Sus autores, Phil Dampier y Ashley Walton, responden a lo que muchos súbditos
se preguntan: ya que S. M. no necesita llevar dinero ni tarjetas de crédito
¿por qué siempre lleva alguna, de considerable porte? Elemental, señores: la reina usa su cartera como las
españolas el lenguaje de los abanicos. Si en una reunión la ubica en el suelo
es señal de que no encuentra interesante la conversación y quiere marcharse. En
cambio, si cuelga alegremente de un gancho (que lleva dentro de la propia
cartera, para sujetarla en la mesa) o de su brazo izquierdo... significa que se
encuentra a gusto, feliz y relajada. Ante una invitación los anfitriones serán
informados –según los autores de este libro– de que la reina ubicará su cartera
sobre la mesa cinco minutos antes de despedirse. Y... ¿qué lleva en ella?:
perritos y caballos en miniatura, fotos familiares, bombones de menta,
chocolates, crucigramas recortados de los diarios, el famoso gancho para sujetar
la cartera en una mesa... y una caja para maquillaje, hecha en metal por el
príncipe Felipe, quien se la regaló cuando se casaron hace sesenta años.
Algunos
antropólogos y expertos en moda encuentran que estos mundos privados guardan
desde los elementos más innecesarios
hasta los más decisivos para sus portadores. “La cartera es un inventario de
sus vidas -sostiene Jean-Louis Dumas, presidente de Hermès-, completan el cuerpo humano, decorándolo.
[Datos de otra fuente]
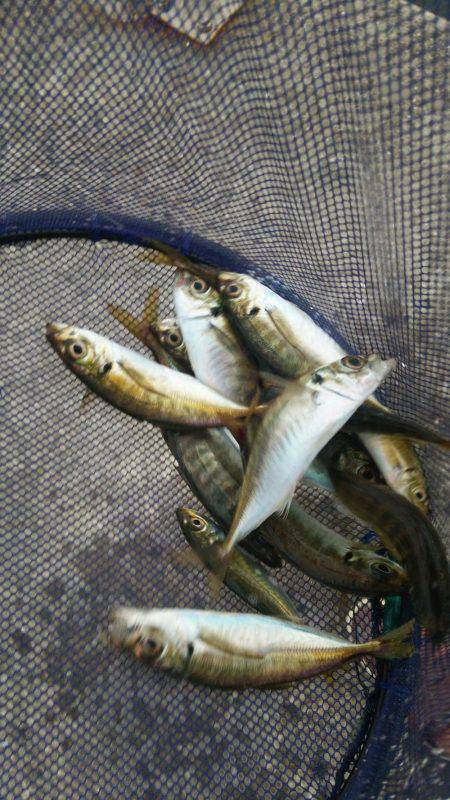 雨降り前にアジング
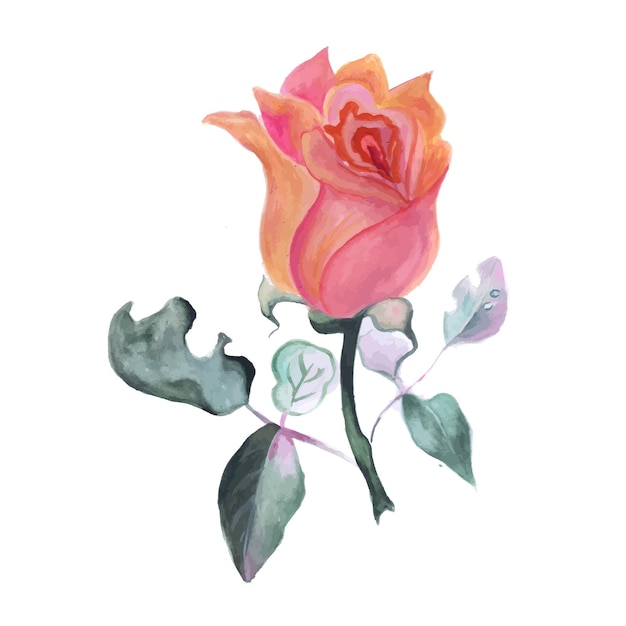 Elemento astratto fiore rosa verde acquerello sfondo illustrazione ad alta risoluzione foto gratis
Vuitton, Jimmy Choo,
Marc Jacobs, Fendi, Dior, Dolce & Gabbana... saben mucho de esto. La Hermès Kelly bag, nombrada así en
homenaje a Grace Kelly, es la nave insignia de esa firma. Jean-Louis Dumas, con
Hélène David-Weill, presidente de la Unión Central de Artes Decorativas de Francia, promovieron la
muestra Le cas du sac, en el Museo
de la Moda y del Textil de París. Que luego originó un libro.
Tan
llena de significado puede estar una cartera que Samuel Beckett concentró en
ella la satisfacción de la protagonista de “Los días felices”, obra que estrenó
en 1963: Winnie (Marilú Marini la interpretó hace un par de años en el Teatro
San Martín) es una señora que aparece en escena semienterrada en un montículo
de arena, bajo el sol. Willy, su marido anda por ahí pero nunca lo vemos, no
importa; ella le habla distraídamente, calzada hasta la cintura en su montañita
de arena. ¿Atrapada? ¿Desolada? ¿Aburrida? ¡De ninguna manera! Winnie no se
considera desprovista de felicidad: con ella, junto a ella... está su cartera.